INPUT DATA START
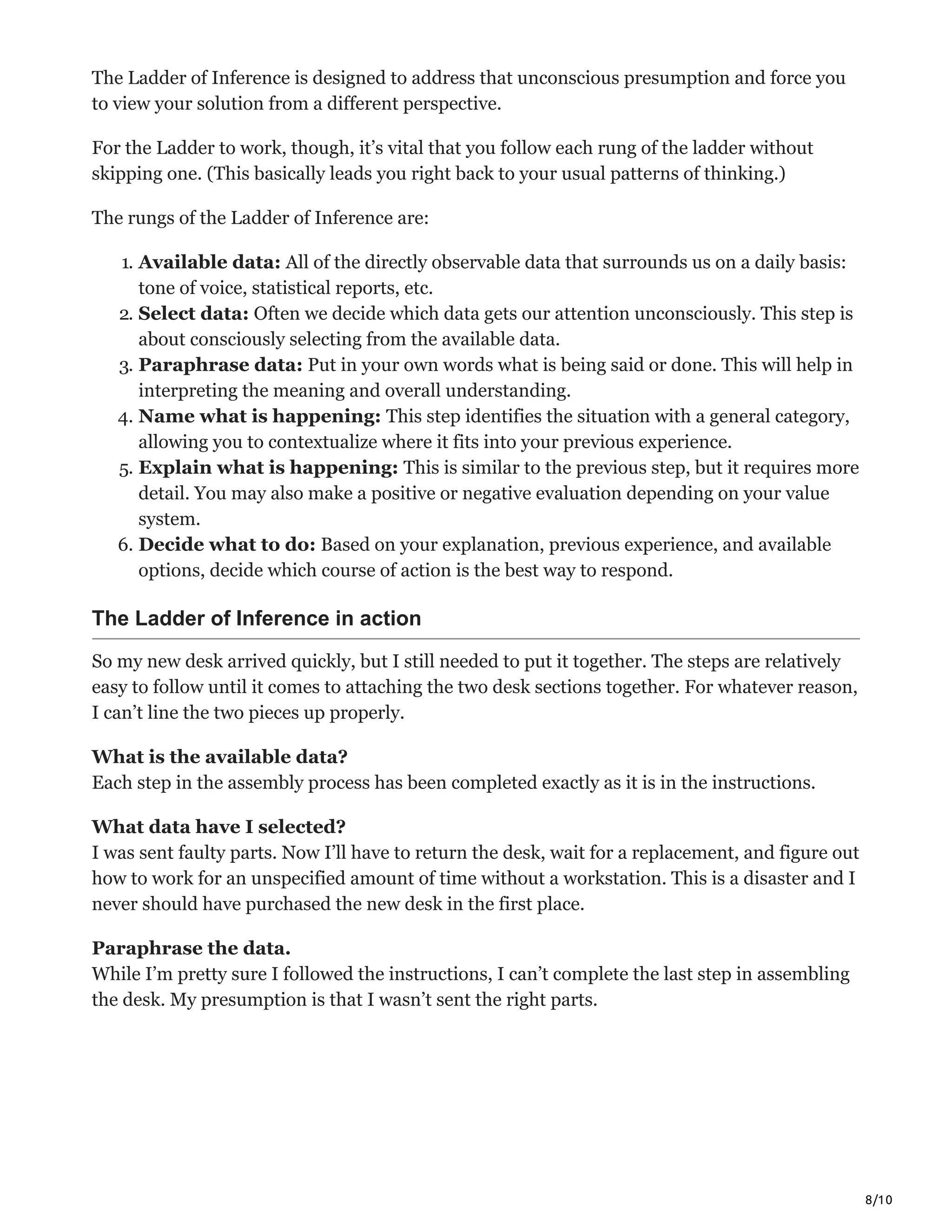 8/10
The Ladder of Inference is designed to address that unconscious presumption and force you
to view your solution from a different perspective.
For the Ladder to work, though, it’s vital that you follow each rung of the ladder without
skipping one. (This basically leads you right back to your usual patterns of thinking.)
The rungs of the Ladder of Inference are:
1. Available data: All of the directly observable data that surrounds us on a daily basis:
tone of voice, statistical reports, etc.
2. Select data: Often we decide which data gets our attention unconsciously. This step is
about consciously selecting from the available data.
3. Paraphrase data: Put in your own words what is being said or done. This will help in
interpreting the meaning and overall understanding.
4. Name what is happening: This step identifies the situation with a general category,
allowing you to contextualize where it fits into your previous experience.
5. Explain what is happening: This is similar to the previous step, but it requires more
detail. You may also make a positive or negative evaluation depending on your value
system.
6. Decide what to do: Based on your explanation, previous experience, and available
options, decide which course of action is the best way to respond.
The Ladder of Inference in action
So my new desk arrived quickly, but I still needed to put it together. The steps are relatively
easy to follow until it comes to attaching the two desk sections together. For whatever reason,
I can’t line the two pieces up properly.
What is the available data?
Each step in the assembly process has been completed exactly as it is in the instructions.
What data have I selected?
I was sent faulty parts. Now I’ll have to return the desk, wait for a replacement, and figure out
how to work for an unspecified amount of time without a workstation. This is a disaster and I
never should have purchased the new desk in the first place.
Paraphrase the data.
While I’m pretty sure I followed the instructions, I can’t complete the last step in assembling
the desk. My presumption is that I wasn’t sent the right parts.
INPUT DATA END
INPUT DATA START
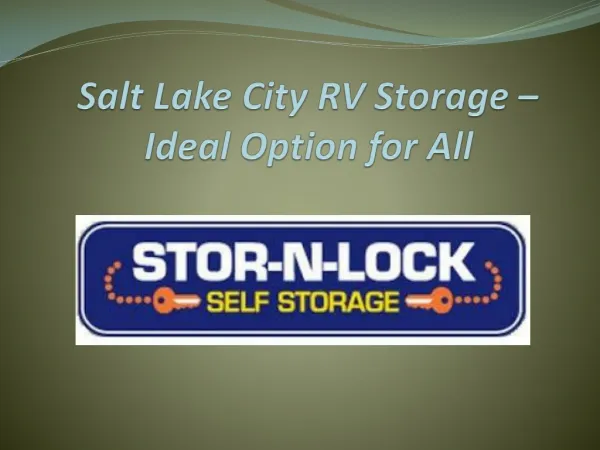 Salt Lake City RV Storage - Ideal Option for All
INPUT DATA END
INPUT DATA START
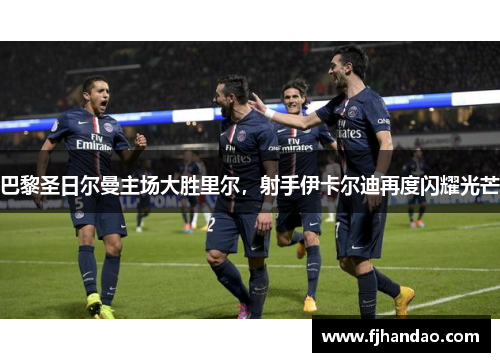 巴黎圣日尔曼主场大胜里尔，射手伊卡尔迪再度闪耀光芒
INPUT DATA END
__WORK TO COMPLETE__
From the data above, count the lines that contain "together" and write only that count.

__RESPONSE TO THIS TASK__
2